The dual-loop FGD, comprising both quencher and absorber loop, are compared with single-loop FGD subsystems. Both loops show comparable removal efficiencies of oxidized mercury compounds and are therefore relevant for mercury removal in the system. In the dual-loop process, sulphite and halides are key parameters, influencing the formation of mercury complexes and redox reactions, leading to mercury reemissions. As the quencher is fed by the raw gas, the largest share of the flue-gas load of mercury compounds is removed. The quencher is a more favourable loop than the absorber, as the formation of mercury complexes with chloride is enhanced. At high pH-values, higher shares of sulphite on sulphur(IV) promote the formation of [Hg(SO3)2]2- in the absorber and accelerate the mass transfer from gaseous to liquid phase. The reemission ratio of the absorber is slightly higher, as complexes with sulphite are assumed to be less stable under the prevailing conditions. The oxidation air is a key parameter, as it both influences the oxidation-reduction conditions and promotes the oxidation of sulphite to sulphate. Regarding formation of gypsum in the dual-loop process, the adsorption of mercury on particles is reduced at a lower operational pH-value, which respectively goes along with a higher oxidation-reduction potential. The dual-loop process constitutes a system in which interactions between the loops can lead to mercury reemissions. Furthermore, the flue-gas sulphur and the hydrogen halide loads influence the process.

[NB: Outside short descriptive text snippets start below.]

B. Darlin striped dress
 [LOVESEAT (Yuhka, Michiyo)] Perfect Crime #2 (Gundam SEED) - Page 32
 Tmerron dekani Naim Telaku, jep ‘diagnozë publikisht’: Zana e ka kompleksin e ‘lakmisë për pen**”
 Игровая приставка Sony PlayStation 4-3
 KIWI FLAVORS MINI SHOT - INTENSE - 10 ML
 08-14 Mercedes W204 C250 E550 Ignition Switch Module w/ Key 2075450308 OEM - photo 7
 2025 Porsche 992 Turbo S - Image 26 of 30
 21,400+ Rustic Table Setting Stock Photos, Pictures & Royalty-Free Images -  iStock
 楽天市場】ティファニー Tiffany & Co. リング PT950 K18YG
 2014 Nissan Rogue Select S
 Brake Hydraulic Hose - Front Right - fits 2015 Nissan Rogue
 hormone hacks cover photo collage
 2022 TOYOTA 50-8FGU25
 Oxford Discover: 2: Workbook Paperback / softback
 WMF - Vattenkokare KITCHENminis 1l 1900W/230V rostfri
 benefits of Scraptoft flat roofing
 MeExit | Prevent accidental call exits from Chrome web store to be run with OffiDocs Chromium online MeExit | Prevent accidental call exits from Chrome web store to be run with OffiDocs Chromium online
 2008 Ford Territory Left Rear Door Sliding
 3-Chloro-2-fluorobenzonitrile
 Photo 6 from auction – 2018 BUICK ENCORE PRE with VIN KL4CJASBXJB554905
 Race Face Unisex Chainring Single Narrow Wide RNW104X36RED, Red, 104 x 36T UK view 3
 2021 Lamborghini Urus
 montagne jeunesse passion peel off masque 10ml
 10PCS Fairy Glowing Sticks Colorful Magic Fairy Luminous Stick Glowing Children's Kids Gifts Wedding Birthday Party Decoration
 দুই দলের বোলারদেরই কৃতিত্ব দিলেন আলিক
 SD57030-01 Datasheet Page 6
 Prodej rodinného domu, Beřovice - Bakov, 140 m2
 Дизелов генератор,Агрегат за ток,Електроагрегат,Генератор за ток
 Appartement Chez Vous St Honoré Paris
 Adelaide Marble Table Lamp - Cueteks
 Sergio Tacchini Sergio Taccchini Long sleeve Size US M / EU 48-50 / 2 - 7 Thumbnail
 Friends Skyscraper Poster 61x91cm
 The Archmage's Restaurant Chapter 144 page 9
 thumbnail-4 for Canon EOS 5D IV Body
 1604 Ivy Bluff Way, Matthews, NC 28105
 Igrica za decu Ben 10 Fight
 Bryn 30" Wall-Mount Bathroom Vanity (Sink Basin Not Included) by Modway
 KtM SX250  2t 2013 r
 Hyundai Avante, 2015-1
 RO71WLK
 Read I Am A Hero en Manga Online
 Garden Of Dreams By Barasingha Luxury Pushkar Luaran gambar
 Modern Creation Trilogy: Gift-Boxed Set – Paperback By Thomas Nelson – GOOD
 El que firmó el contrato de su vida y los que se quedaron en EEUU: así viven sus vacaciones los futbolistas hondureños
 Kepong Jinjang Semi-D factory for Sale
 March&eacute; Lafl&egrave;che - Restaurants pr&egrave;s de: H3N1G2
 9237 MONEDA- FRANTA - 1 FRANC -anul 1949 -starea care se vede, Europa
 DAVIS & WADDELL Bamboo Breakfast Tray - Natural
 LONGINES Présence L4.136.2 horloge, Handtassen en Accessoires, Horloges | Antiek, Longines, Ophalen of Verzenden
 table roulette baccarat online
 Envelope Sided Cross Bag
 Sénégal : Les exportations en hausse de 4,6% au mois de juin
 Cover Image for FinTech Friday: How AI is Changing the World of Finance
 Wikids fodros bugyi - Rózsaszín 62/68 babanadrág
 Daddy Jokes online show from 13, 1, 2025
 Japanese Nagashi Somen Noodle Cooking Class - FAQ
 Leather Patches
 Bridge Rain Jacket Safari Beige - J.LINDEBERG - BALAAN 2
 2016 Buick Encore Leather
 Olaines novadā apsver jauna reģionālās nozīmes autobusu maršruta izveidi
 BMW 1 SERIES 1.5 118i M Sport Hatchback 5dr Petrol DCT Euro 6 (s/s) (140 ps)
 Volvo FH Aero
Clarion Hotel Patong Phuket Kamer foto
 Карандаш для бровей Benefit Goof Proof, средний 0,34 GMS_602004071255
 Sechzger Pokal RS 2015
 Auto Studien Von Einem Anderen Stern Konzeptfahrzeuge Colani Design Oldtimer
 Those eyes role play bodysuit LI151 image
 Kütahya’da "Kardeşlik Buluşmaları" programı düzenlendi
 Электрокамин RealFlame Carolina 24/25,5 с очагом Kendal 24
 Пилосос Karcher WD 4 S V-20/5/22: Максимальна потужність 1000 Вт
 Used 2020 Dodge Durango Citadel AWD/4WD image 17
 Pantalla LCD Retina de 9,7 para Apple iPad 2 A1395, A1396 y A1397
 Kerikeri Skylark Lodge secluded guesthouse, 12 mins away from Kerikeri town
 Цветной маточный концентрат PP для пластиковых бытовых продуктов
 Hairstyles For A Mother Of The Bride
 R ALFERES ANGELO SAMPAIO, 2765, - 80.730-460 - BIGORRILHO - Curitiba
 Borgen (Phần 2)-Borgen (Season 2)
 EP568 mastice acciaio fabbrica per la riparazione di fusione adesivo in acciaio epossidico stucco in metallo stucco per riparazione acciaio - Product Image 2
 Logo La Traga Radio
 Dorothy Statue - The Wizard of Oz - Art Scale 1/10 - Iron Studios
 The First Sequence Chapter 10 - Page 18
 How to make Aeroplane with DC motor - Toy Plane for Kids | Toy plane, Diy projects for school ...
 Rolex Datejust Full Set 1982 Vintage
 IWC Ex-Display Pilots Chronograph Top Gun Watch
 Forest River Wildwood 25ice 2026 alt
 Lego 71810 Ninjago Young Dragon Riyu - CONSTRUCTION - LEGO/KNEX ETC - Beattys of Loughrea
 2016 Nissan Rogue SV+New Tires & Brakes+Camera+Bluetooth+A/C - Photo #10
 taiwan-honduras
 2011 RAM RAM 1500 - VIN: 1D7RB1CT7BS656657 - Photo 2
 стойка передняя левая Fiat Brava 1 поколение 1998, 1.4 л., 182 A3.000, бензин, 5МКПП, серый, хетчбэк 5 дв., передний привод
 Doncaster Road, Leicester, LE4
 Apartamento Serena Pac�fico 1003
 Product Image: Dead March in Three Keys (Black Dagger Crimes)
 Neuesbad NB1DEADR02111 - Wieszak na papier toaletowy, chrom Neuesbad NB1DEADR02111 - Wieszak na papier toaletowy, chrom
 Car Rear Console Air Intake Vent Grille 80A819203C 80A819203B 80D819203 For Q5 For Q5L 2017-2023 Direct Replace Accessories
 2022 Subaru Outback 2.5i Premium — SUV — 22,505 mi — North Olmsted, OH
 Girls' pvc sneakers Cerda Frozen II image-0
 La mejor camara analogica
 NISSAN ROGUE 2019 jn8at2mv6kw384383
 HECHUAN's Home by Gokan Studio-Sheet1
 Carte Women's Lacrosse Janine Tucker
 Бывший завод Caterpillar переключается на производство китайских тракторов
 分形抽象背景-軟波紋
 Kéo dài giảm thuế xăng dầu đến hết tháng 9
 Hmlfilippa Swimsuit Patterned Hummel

Improvements in total mercury removal are focused on the removal and the retention of mercury in both quencher and absorber loops and on the adaption of the operation to the actual flue-gas composition with regard to the sulphur dioxide load as well as on the increase in halide concentrations in the absorber. The use of small shares of burnt lime in the dosed limestone has been shown to improve operation conditions for mercury removal and retention.
The aim of this thesis is to widen the understanding of the mercury behaviour in the dual-loop FGD. As the dual-loop system is influenced by interactions between the two loops and the flue-gas, it is believed that the simple transfer of single-loop mercury studies on the dual-loop process is not possible. It is hoped that increased knowledge of the processes in the dual-loop FGD will help to improve the environmental impact of the system.